Most directors, coming off an indie hit like Fruitvale Station, can move on to just about any high-profile project they choose. Want to make a Marvel movie? You got it. Adapt a long-running book series into a mega franchise? Done. For Ryan Coogler, his dream project was … a Rocky film.
Huh? What? The franchise that essentially ran its course after Rocky III, yet continued on for another three movies?
Yep. That Rocky.
And Coogler wants to do some sort of spin-off/reboot focusing on Apollo Creed’s son?
You’ve got it.
Well. That’s a head-scratcher.
When Creed was first announced, it almost sounded like a bad joke. Coogler, of all the projects to choose from, decided on a seventh Rocky film. If it missed, whatever goodwill built up from Coogler’s Fruitvale Station would probably go down the drain. Good thing for Coogler that Creed is fantastic. It’s easily the best in the series since the original.
Adonis Johnson (Michael B. Jordan) is the illegitimate son of Apollo Creed, who was killed in the ring by Ivan Drago way back in Rocky IV. Raised in the lap of luxury by Apollo’s widow, Adonis wants more than anything to be a fighter. With nobody willing to train him in California, he packs up his belongings and heads for Philadelphia, seeking the tutelage of Rocky. After some hesitation, the former champ agrees to train the young Adonis.

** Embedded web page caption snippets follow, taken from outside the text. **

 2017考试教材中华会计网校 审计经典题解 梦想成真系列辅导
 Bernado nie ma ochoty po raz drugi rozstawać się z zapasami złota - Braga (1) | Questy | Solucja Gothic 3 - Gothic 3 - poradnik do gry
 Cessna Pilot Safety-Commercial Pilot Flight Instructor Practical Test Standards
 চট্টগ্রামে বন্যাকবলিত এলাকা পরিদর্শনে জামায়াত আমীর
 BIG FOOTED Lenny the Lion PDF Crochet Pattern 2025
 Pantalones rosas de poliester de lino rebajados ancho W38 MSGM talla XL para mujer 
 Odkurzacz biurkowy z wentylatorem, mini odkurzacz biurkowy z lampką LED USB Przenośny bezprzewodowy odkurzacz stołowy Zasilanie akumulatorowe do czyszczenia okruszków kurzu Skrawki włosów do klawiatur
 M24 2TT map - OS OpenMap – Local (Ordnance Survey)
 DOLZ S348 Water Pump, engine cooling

Writer-director Coogler breathes new life not only into the series, but the boxing genre in general (check out Southpaw for evidence of how the genre’s constraints can bring down an otherwise solid film). Creed wisely – and finally – takes Rocky out of the ring, giving him a new role and a new fight to take on.

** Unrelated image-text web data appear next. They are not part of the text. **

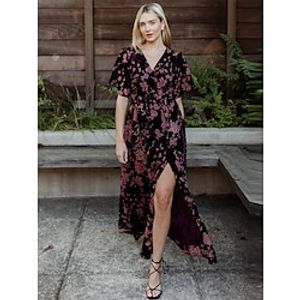Madilyn Velvet  Maxi Dress Lightinthebox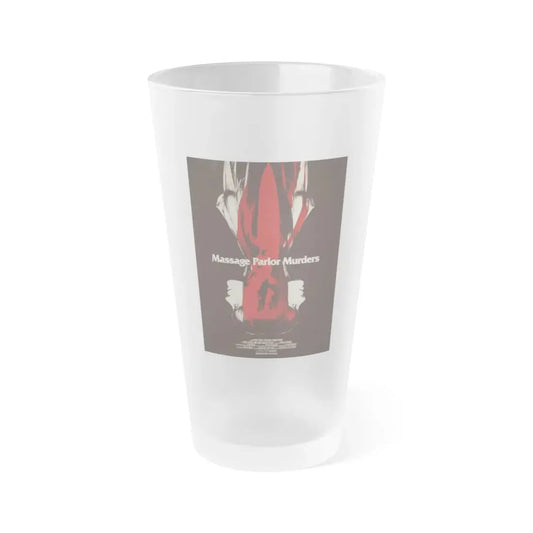 MASSAGE PARLOR MURDERS 1973 Movie Poster - Frosted Pint Glass 16oz 16oz Frosted - Go Mug Yourself
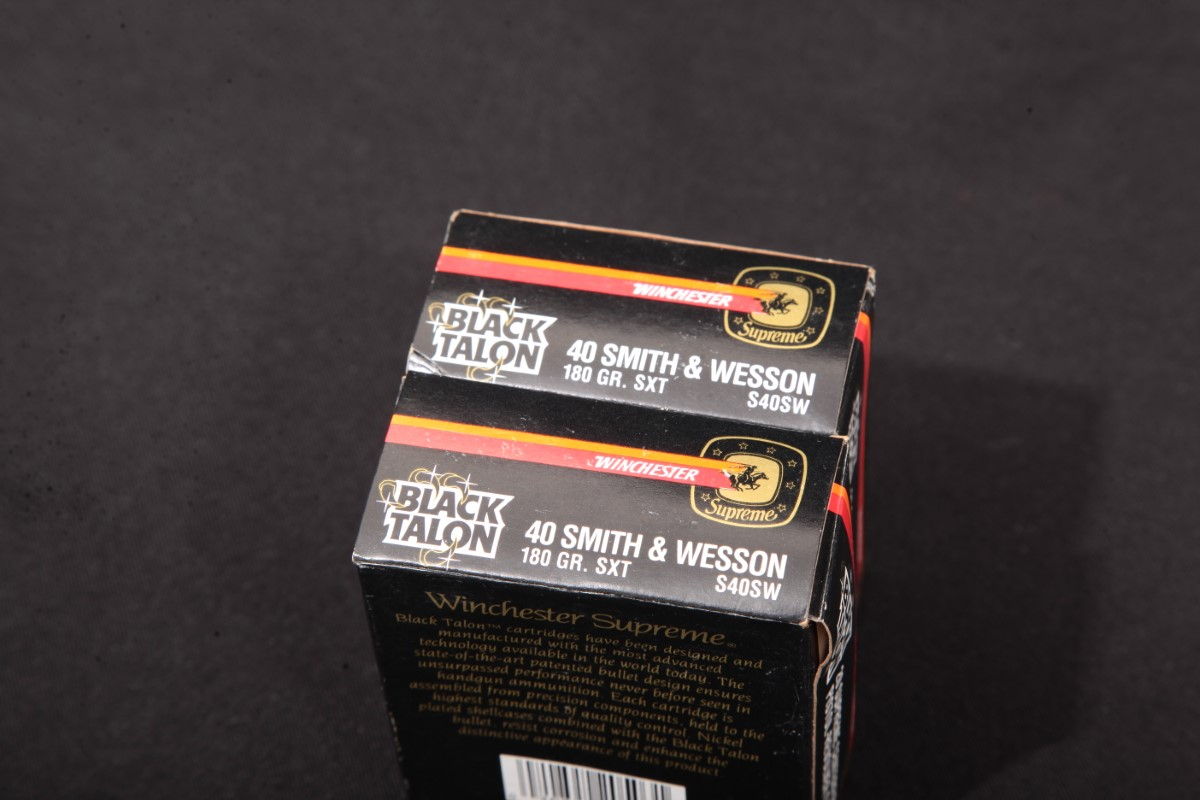 40x .40 S&W Winchester Black Talon Ammunition 180 Grain Stx Bullets .40 ...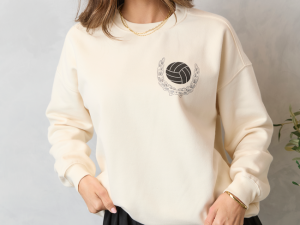 Meet Me In The Bleachers Volleyball Cream Sweatshirt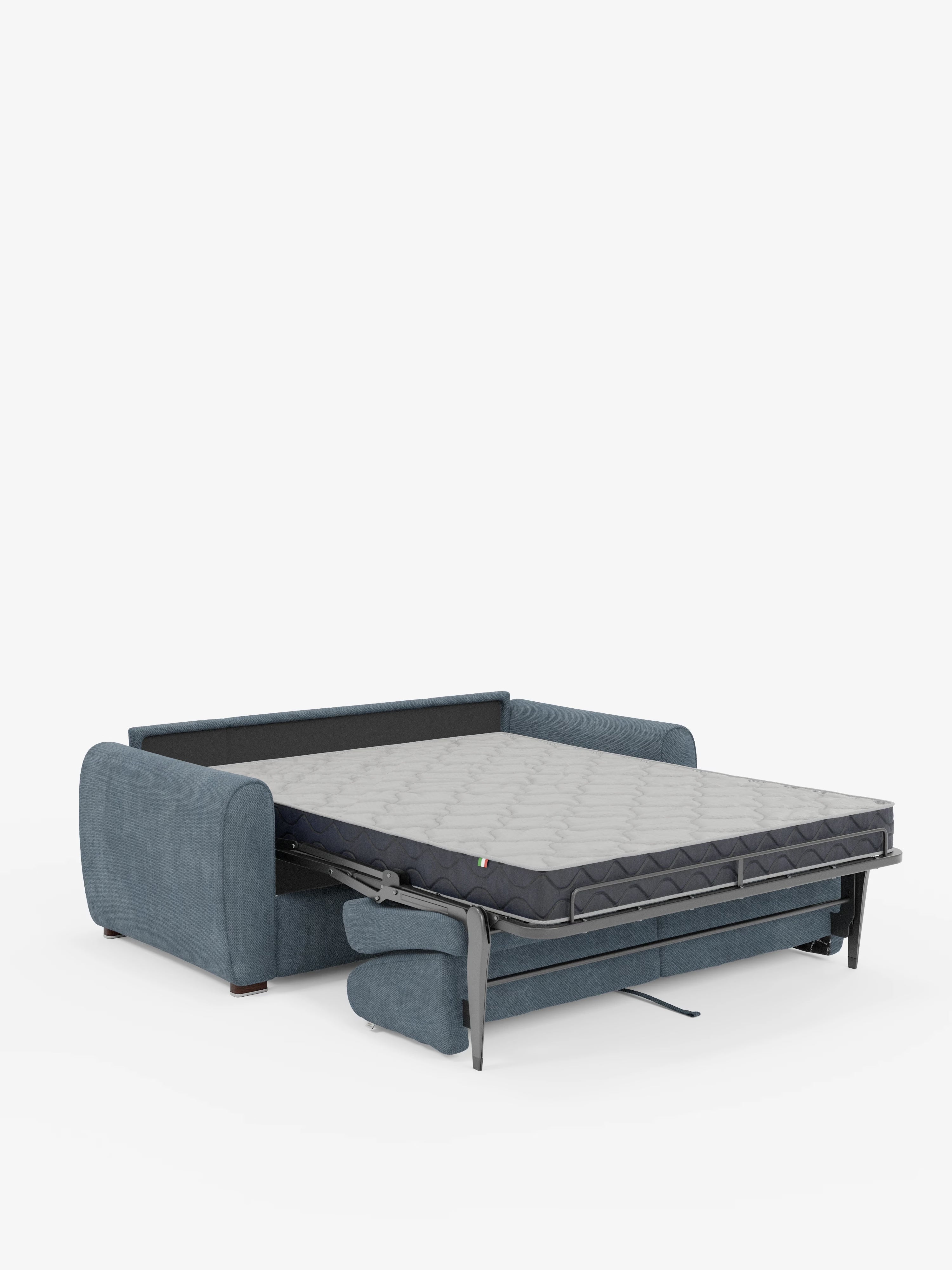 Kaleo Divano letto matrimoniale con materasso alto 17 cm - eleganza e comfort in tessuto Impermeabile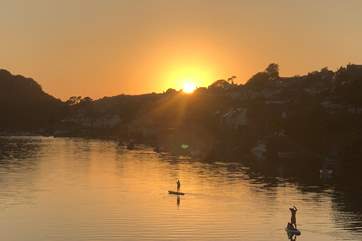 Remember to pack the paddle board, you have the best playground in your back garden.
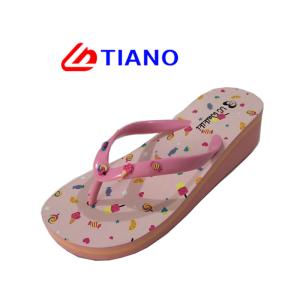 Women Summer Fabric Upper Eva Foam Custom Flip Flops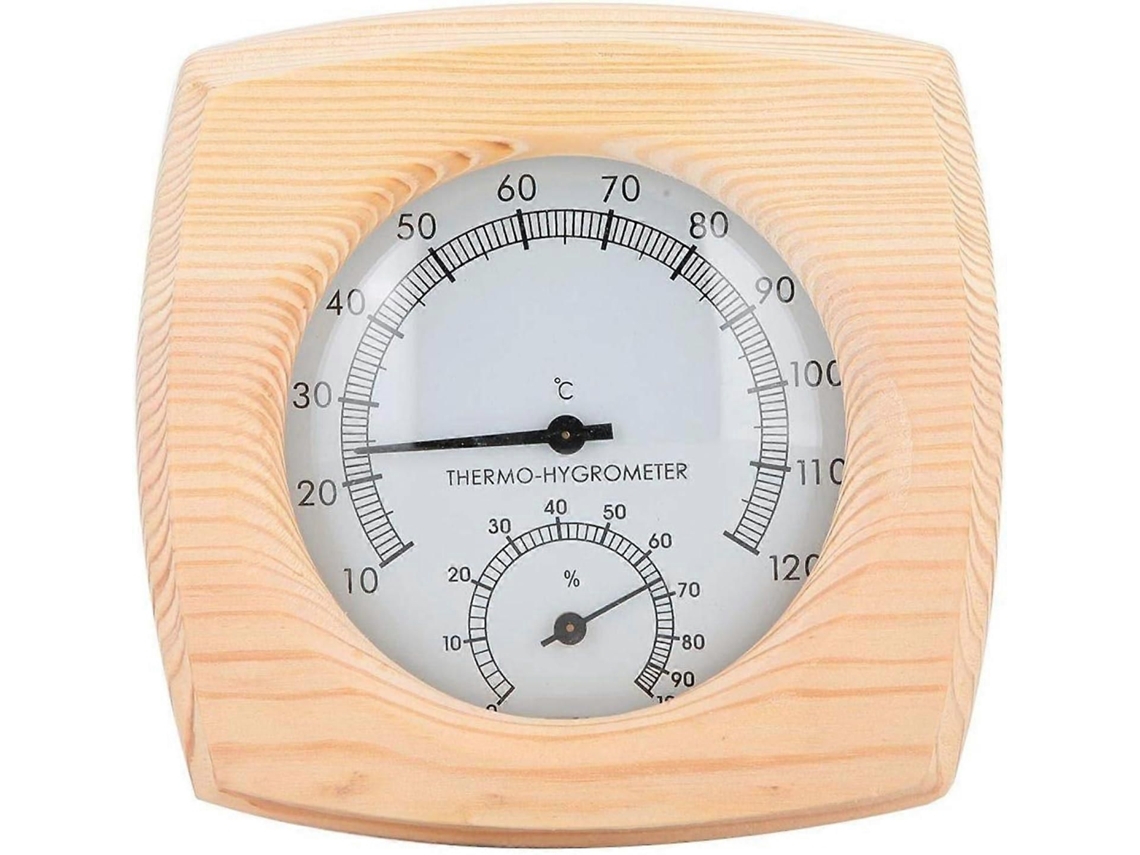 Termómetro e hidrómetro digital de metal para sauna, higrómetro, accesorio para sala de sauna (1 unidad) GOKOCO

Creed can’t fully escape the shadow of six Rocky films. The underdog, the training montage, the fights … all hearken back to the franchise’s glory days, but that’s part of the point. Creed is Coogler’s dream project, and in his hands, these bits don’t come across as retreads. They’re more re-energized. Coogler knows what makes for a classic Rocky and embraces them like an excited kid who can’t believe they’re making a Rocky movie.
Stallone, playing Rocky for the seventh time in nearly 40 years, slips into the skin of his most famous character like a glove. Building off of the previous six films, Stallone builds upon that wealth of experience to take Balboa into uncharted territory. It’s a heartbreaking performance that ranks among the iconic actor’s best, and should earn him a Best Supporting Actor nomination, his first Oscar nod since the original Rocky in 1976.
Of all the franchises this year getting rebooted, namely Mad Max and Star Wars, Rocky may be the strangest choice of them all. Thanks to Coogler’s passion and Stallone’s performance, Creed isn’t just one of the better reboots to come along, it’s one of the better films of 2015.